Voi ultimi figli degli ultimi contadini
Ti accanisci oggi contro i tuoi diciott’anni,
demolisci trent’anni dopo gabbie di conigli,
solo materiali di risulta, non una tavola sana,
chiodi su chiodi, ingegno e pochissima spesa.
Vaglielo a dire ai ragazzi di oggi, figli o nipoti,
come passavate allora i pomeriggi e le estati,
voi ultimi figli degli ultimi contadini.
Vaglielo a dire le sudate pazzesche
dietro al fieno o a mietere il grano,
imballando e riportando la paglia,
le mangiate di polvere su trattori spogli e assordanti,
il letame caricato ancora a mano sui carri,
e le estenuanti botti d’acqua per innaffiare i cavoli,
pianta per pianta, sotto il sole torrido d’agosto,
smaniando per scappare via col motorino
e rincorrere un pallone su campi che erano tutta una buca.

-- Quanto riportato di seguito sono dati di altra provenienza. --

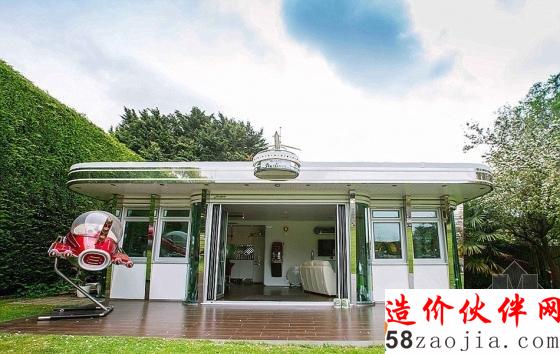 雞舍變酒廠 英國男子創(chuàng)意棚屋獲大獎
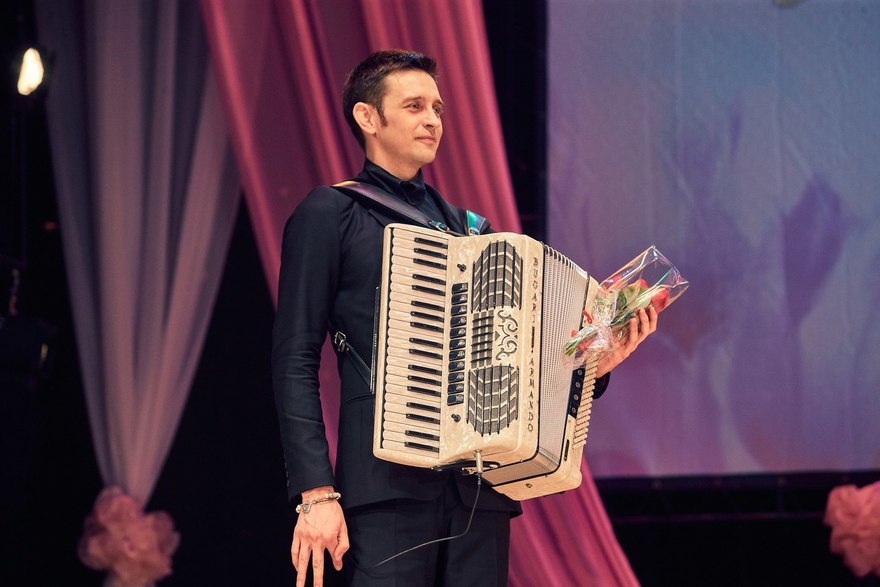 Дмитрий Пономарев на свадьбу 8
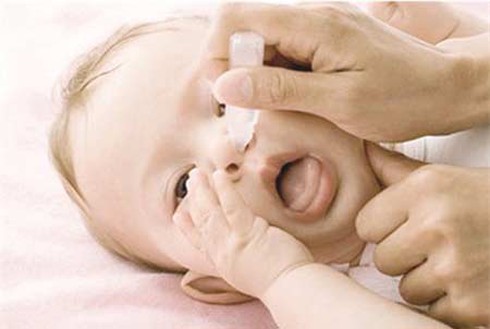 Nghiện thuốc nhỏ mũi, nhiều người bị teo mũi - ảnh 1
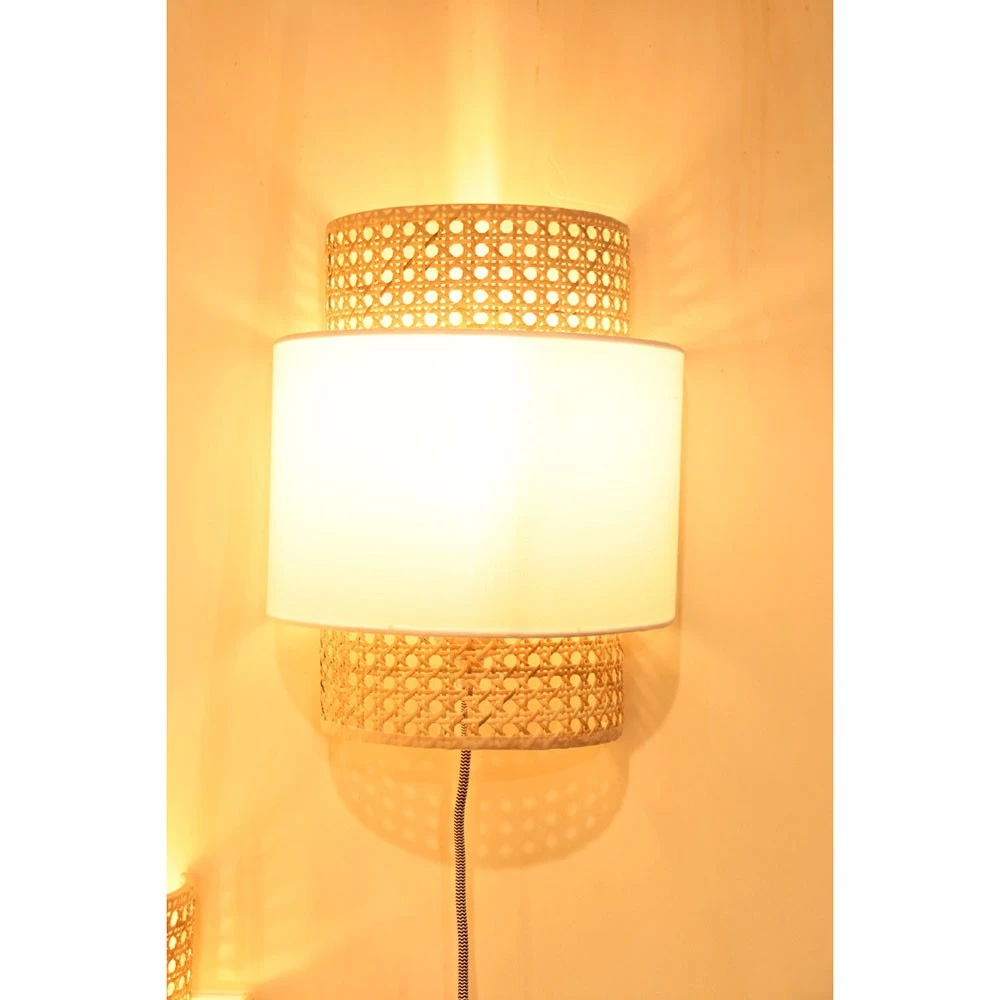 Applique Luminaire En Cannage Avec Abat-jour Tissu Blanc 5 Applique Luminaire En Cannage Avec Abat-jour Tissu Blanc – Image 3
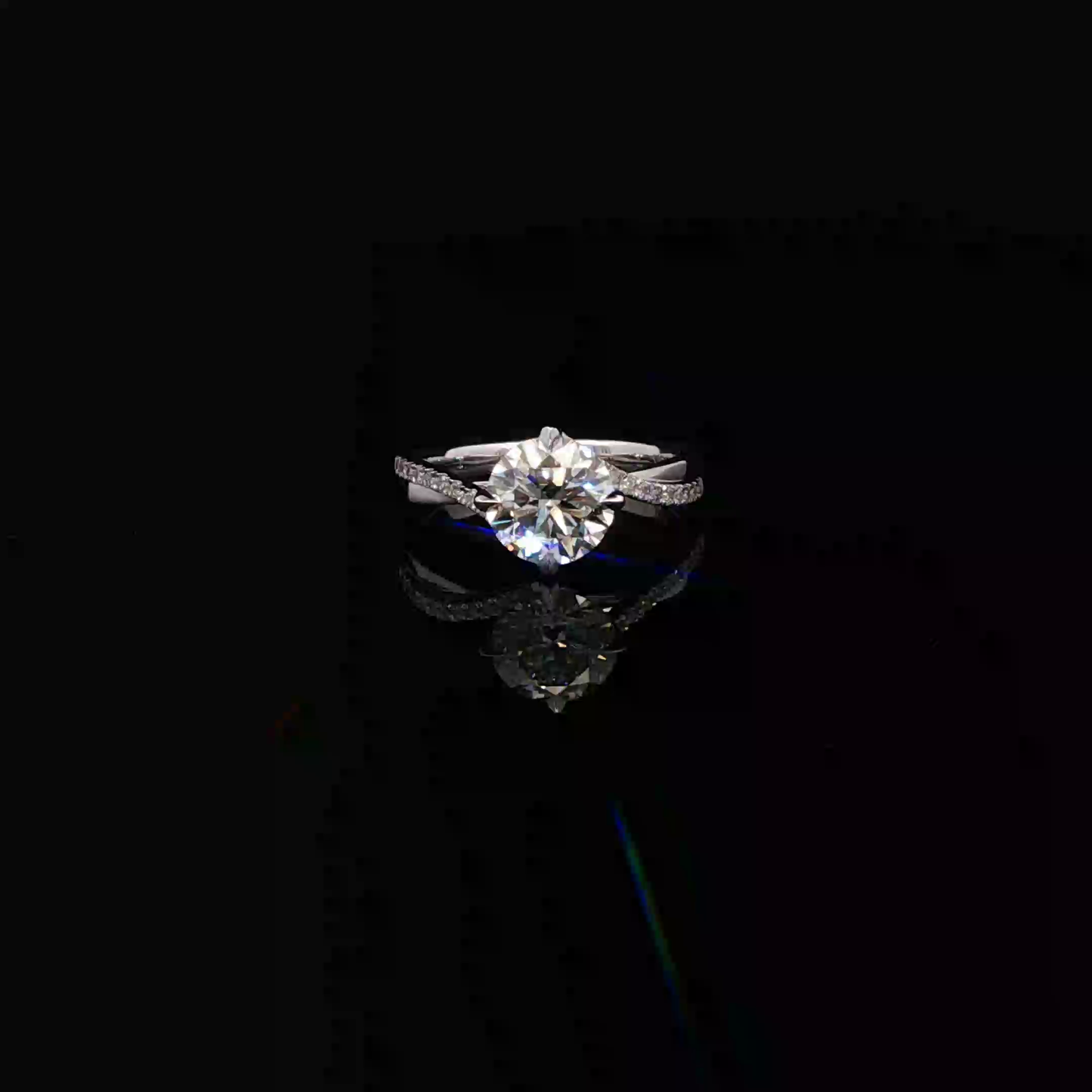 Round Brilliant Diamond White Gold Engagement Ring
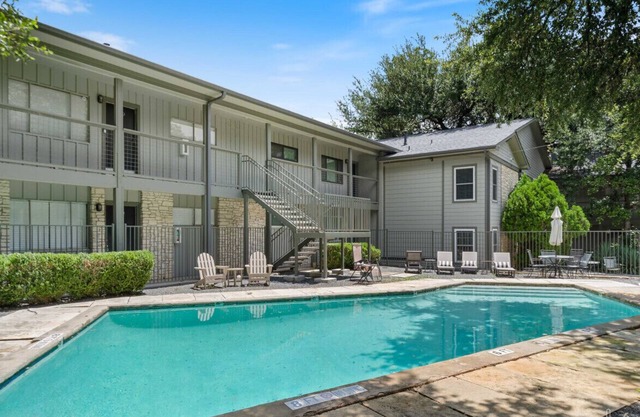 Modern Pet Friendly Condo w/Pool, Gym, Walk to SoCo, Lake & Downtown Austin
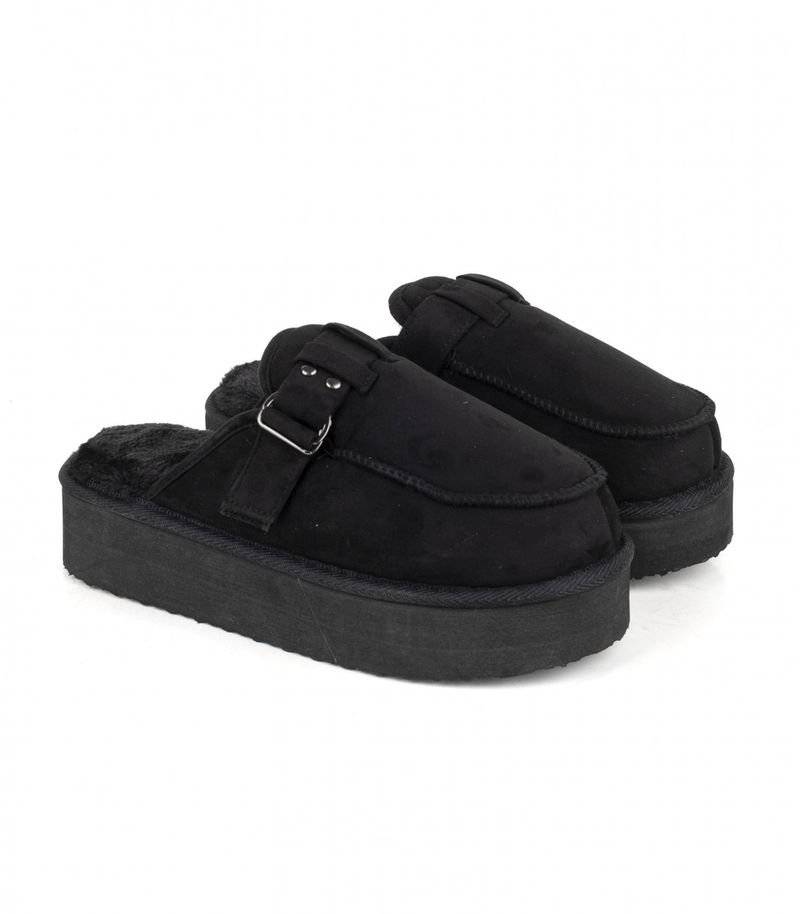 Pantuflas-de-gamuza-en-negro.jpg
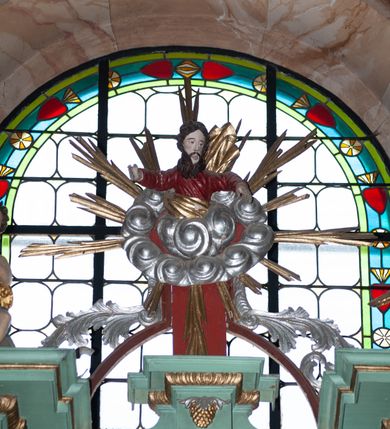 Zdjęcie nr 22: Nastawa ołtarzowa architektoniczna, jednoosiowa, dwukondygnacyjna na cokole z wyodrębnionymi dwoma prostopadłościanami. Ołtarz prostopadłościenny, zwężający się ku dołowi, mensa drewniana. Antepedium marmoryzowane z iluzjonistycznie malowanymi płycinami. Tabernakulum w formie drewnianej skrzynki, półkoliście wybrzuszone od frontu, zakończone profilowanym gzymsem. Drzwiczki o kształcie stojącego prostokąta zamknięte ostrołukiem z malowanym gorejącym sercem, flankowane płaskorzeźbioną winną latoroślą. Tabernakulum ujęte dwiema figurami klęczących na obłokach aniołów. Pierwsza kondygnacja flankowana dwiema parami pilastrów, zewnętrzna o kanelowanych trzonach. Przed wewnętrzną parą stoją dwie kolumny o kapitelach kompozytowych, przed zewnętrzną ustawione są figury św. Stefana i św. Władysława. Podpory dźwigają pełne belkowanie z silnie wysuniętym gzymsem, wyłamane pod kątem w partii kolumn, przerwane pośrodku. W polu centralnym nisza w formie stojącego prostokąta o ściętych górnych narożach ujęta profilowaną ramą, z grupą rzeźbiarską Matki Boskiej z Lourdes i Bernadetą Soubirous. W górnej partii nisza dekorowana zwisami owocowo-kwiatowymi. Pierwsza kondygnacja ujęta uszami utworzonymi z akantu i karbowanej wstęgi. Druga kondygnacja flankowana parą kolumn oraz parą figur św. Marka i św. Mateusza na cokołach. Podpory dźwigają pełne belkowanie z silnie wysuniętym gzymsem, wyłamane na ich osi, przerwane nad polem środkowym. Na belkowaniu dwie figurki aniołków, pośrodku na wsporniku figura Chrystusa w glorii, pośród obłoków. W polu obraz Chrystusa Dobrego Pasterza w formie leżącego prostokąta o ściętych narożach, w ramie. Druga kondygnacja ujęta uszami utworzonymi z akantu. Struktura polichromowana w kolorze jasnozielonym, kolumny, ornamentyka i profile złocone, detal srebrzony. 

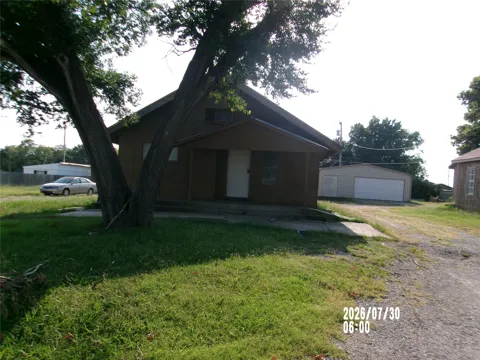 341 NE Debell Avenue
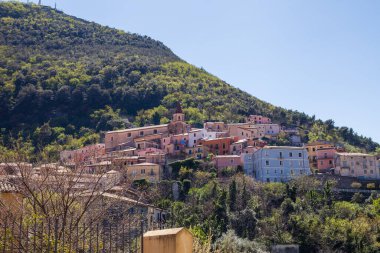 Maratea küçük sokakları ve panoramik manzaralar
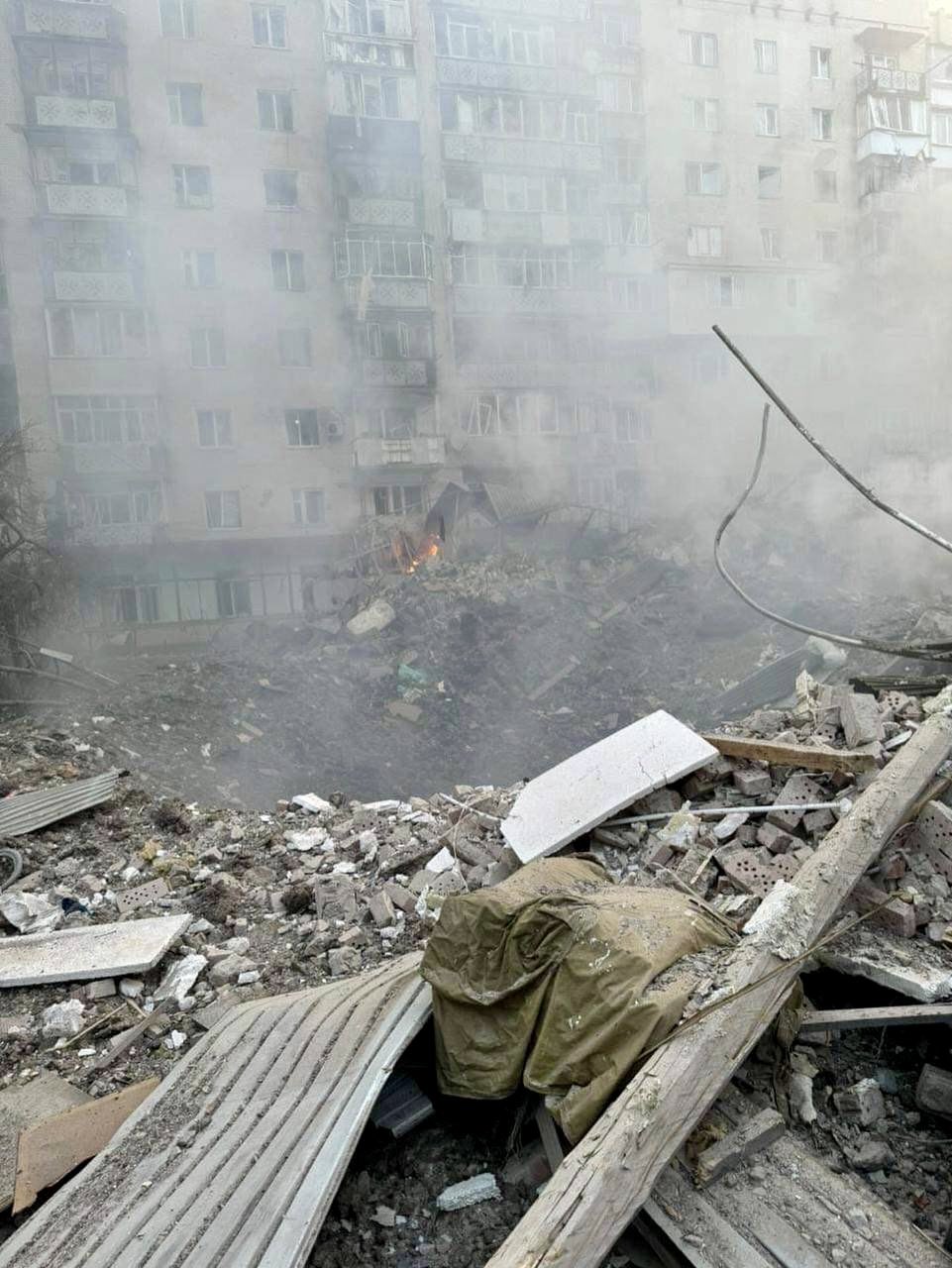 Blackouts return to Kharkiv and other Ukrainian cities after Russian escalation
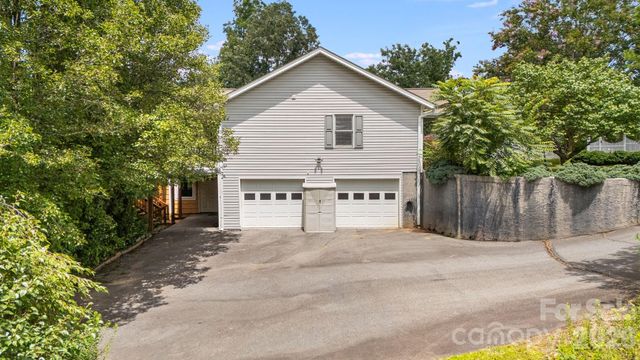 6 Arrowhead Lane, Weaverville, NC 28787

Vaglielo a dire, quanto eravate stupidi e ignoranti
– ma anche quanto eravate belli e ridenti, e quanto fortunati –
ancora a contatto di una terra solo sudore e fatica,
voi ultimi figli degli ultimi contadini.
(4 giugno 2014)
PS Non avrà avuto e fatto molto di eccezionale la generazione di voi nati a cavallo tra sessanta e settanta – voi allo stesso tempo in ritardo di qualche anno sul mondo che era un tempo e in anticipo su quello che era in serbo, dunque molto spesso spiazzati, spaesati, lacerati, in un paralizzante limbo – ma è forse l’ultima in Italia ad avere goduto di un’infanzia in piena libertà, l’ultima cresciuta stando più fuori che in casa, più in mezzo al verde, alla polvere o all’asfalto che davanti alla tv o – e chi sapeva ancora che cosa fossero? – videogiochi e computer. E scusate se è poco!